Questo testo fa parte di “Xenia II” ed è datato 20 novembre 1967. L’apertura è data dalla perdita della moglie che era morta da poco. Insieme avevano percorso il proprio stralcio di strada, le famose scale, e ora Montale in ogni gradino sente il vuoto.
L’altra immagine importante è quella che rimanda alla realtà visibile, la moglie possiede la vera arte del “vedere” che consiste nel non credere alla superficie visibile delle cose, ma nel guardare in profondità sotto di essa.
La metrica ci presenta due strofe di versi liberi, di andamento di endecasillabo ma spesso più lunghi e che richiamano l’esametro latino. Le rime sono scarse.
Lo stile è quello che sicuramente ci richiama e attrae, perché il fatto che Montale abbia usato un linguaggio semplice e diretto. è ciò che forse rende questa poesia accessibile e quindi apprezzata da tanti. Difatti la sintassi è regolare e se non fosse andato a capo, i primi tre versi sono prettamente prosastici. Mancano tutti gli artifici della poesia se non l’unica assonanza tra “braccio” e “viaggio”.
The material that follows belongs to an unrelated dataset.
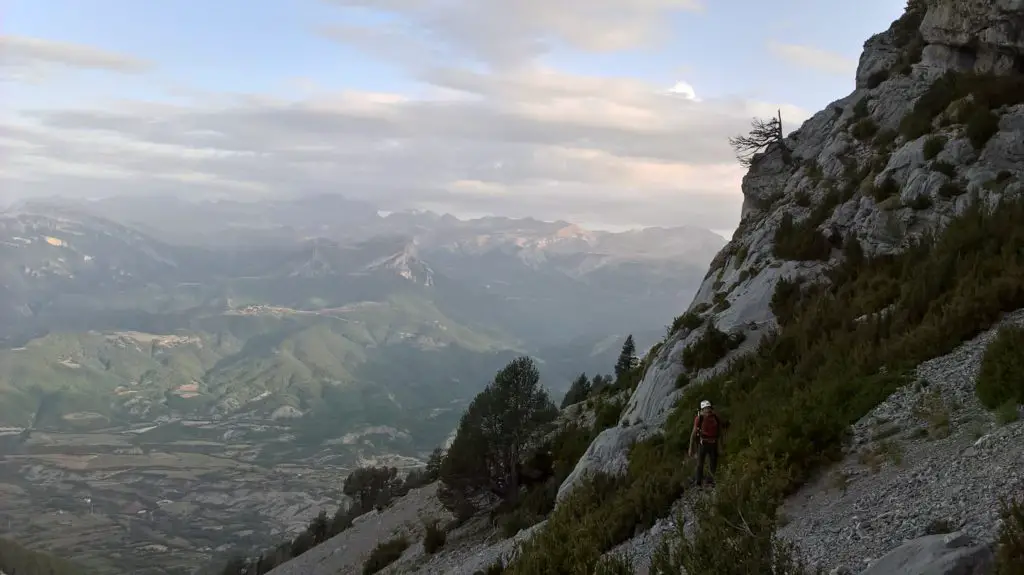 approche vers la Pena Montanesa pour l'ascension de Caminant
Il tema più importante è un tema piuttosto frequente nella letteratura in generale e anche in Montale, infatti potremmo dire che ha origini stilnovistiche. In Montale in Occasioni ad esempio ci si orienta sullo sguardo di Clizia, quasi visionario e dotato di chiaroveggenza intellettuale. Mentre Mosca è miope, con lo sguardo offuscato però è l’unica che riesce a vedere a differenza del poeta. Clizia riesce a guardare con la mente, invece in Mosca è una vista fatta di istinti e di capacità innata quasi di orientamento. Mosca sapeva che la realtà non coincide con quella visibile quale viene percepita da chi vive in preda alle scadenze temporali e agli impegni pratici.